La idolatría a la educación como remedio universal ignora, o acuerda, con la función disciplinadora de la “cultura del trabajo” y a los mitos del “trabajo como fuente de riqueza”, sin aclarar para quiénes y a costa de quiénes. Adhiriendo al monotema de un “acuerdo social” tan falaz como el de la ecuación anterior, con el agregado de girar a la tecnología la reducción del capital humano a favor de la robótica, la inteligencia artificial y la internet de las cosas, con frecuencia circula. Producto del aburrimiento y el vacío de las tareas laborales, es frecuente que alguien pensando en voz alta se pregunte: ¿quién habrá inventado el laburo? Inquietud que cierra en la evidencia de su existencia desde el origen del hombre. Muchos menos se arriesgan a hacer lo mismo con el “inventor de la pobreza”. Una hipótesis es inhibirse sin comprometer su buena conciencia de reconocer que esa “cuestión social” es el resultado colectivo de un acuerdo y un resentimiento sin causa clara, como pasa con las inefables pasiones sin crítica.  

El Super Yo existe desde siempre sin la conciencia de sus usuarios. La culpa y el castigo vienen incorporados de fábrica,  por su medio el auto reproche de no alcanzar el ideal se compensa en la arrogancia de sufrir en silencio. “Ganarás el pan con el sudor de tu frente y parirás con dolor”. Prodigio de palabra y su escritura, que menos informa que graba en el psiquismo la convicción de una omnipotencia que sabe lo que busca y los orientaría.. 

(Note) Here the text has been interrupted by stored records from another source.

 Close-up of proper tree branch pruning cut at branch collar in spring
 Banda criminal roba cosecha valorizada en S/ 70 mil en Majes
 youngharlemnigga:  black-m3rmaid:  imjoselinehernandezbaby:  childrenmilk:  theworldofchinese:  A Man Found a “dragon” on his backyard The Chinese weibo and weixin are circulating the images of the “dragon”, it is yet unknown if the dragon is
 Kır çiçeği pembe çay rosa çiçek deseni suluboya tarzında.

Penoso señuelo que da sentido al sinsentido de carecer de al menos de alguno sin renunciar a todos. “La riqueza es fruto del trabajo”. La evidencia que arrastra la imagen de un “trabajo produce la riqueza”, arrastra la verdad de una proposición cierta pero falaz en tanto oculta su beneficiario. 

“Hoy en la fiesta del trabajo unidos por el amor de dios / al pie de la bandera sacrosanta / y la familia que es nuestra tradición”. Incomprensible estrofa que el adoctrinamiento repetía, confiado de que la repetición de la letra siempre deja huella. La letra mueve montañas si la performatividad –eso que las palabras hacen-  está de su lado. El mito opera ideologías conformistas cuando sigue a las prácticas sociales que las reafirman. Es el malestar de los que repiten consignas sin carnadura.

La ideología que más perdura es la de salario, fetiche del “poderoso caballero”, que devora toda energía ajena a su centro de atracción. El porvenir a construir será el que celebre la fiesta del trabajo en cuerpo, razón y deseo. El amplio frente de lo apolíneo y lo dionisíaco. Una jornada ya sin lucha por aniquilar las ideas adversa sin dialogar con su oponente. Una convocatoria al único debate cierto. El que enfrenta ideas distintas. El festejo de los que tienen al semejante como fin de su realización imposible en soledad. Marx se quedó corto. La religión, lejos de ser el opio de los pueblos, es apenas el velo de una meta equívoca que fuerza la razón de no encontrar en sí lo que se codicia del otro. El viejo proyecto de socializar los medios de producción privados sigue vigente, su condición es que se proponga recuperar los propios fines de sacar sentido de su propia existencia compartida y encontrar así la inalienable propiedad de su forma de ser y su propio estilo. Esa Fiesta de los trabajadores porvenir es la que Longino celebraba como  “desmesura mesurada”: un abrirse a la libertad hasta acuñar su propia y limitada versión del Todo.